Can community-funded solar panels transform our skyline?
WITHIN year and a half, 400 photovoltaic panels could be glinting from a single commercial roof in the City of Yarra – and all of them will be owned by the local community.
The medium-scale solar project would be the first of its kind in Australia. It’s kicking off next Saturday, May 19, at a public meeting in Clifton Hill organised by Yarra Climate Action Now.
Neil Erenstrom, a volunteer with the group, says they’re conducting a pre-feasibility study and have begun to identify possible hosts, such as factories, schools or large retailers.
“We’re looking at installing about 100 kilowatts, which will produce enough energy to power about 40 typical households in Yarra,” he says.
The project won’t power households directly; instead, the co-operative will sell the electricity to the owner of the building, at a price roughly equivalent to the domestic retail rate. Investors from the community will receive dividends for as long as the panels are producing – probably about 25 years.
Mr Erenstrom is a solar photovoltaic engineer. He’s worked in the industry for eight years, but this project would allow him to participate in another way. “I want to see solar electricity everywhere and I think it’s starting to become financially viable. But I’m a renter, so I can’t put solar panels on my own roof,” he says.
The community-solar scheme is targeted at people who, like him, can’t install their own renewable electricity.
In the City of Yarra, nearly half of all residents are tenants – almost double the proportion across the rest of the city. And many more live in apartment buildings, have heritage overlays or roofs that are shaded or poorly oriented for catching the sun.

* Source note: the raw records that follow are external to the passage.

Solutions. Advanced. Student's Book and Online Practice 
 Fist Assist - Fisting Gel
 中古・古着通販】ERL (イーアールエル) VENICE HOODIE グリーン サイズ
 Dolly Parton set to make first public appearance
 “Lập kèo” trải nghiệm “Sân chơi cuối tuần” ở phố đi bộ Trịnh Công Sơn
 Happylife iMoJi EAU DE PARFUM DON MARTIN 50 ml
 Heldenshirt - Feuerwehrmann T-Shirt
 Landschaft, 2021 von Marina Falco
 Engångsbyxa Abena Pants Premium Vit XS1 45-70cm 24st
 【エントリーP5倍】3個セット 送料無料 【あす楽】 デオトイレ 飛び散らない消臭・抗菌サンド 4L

The group has learnt from the funding and ownership model established by Hepburn Wind, a community-owned wind farm near Daylesford. But because it will operate on an even smaller scale, its administration costs will have to be minimal.
“We’ll need a very efficient, skin-and-bones type operation, with lots of volunteers and probably some grant funding,” Mr Erenstrom says.
For the time being, the project will make the best financial sense on buildings where the panels’ output is “behind the meter and below the load” – that is, it will be used to offset normal usage.
But as time goes on, the business case is only going to get better. “The price of panels fell by about 40 per cent in 2011 and could do the same again this year,” he says.
Several other community groups have got the same idea. By the bay, Locals Into Victoria’s Environment (LIVE) has met with the Port Phillip council with a view to funding hundreds of panels for the new roof on the South Melbourne Market.
“We’d be like a stall holder, except we wouldn’t be selling fruit and vegetables – we’d be selling clean, renewable electricity to people in the market,” says David Robinson, from the group.
It’s very early days, but they’re hoping to secure financing to install the panels and on-sell them to local investors. If it’s successful, Mr Robinson says they’ll make the template available for any community to follow.
“We don’t plan on stopping at just this one roof in Port Phillip,” he says. “We have lots of big-box buildings with roofs that have nothing on them other than tin.”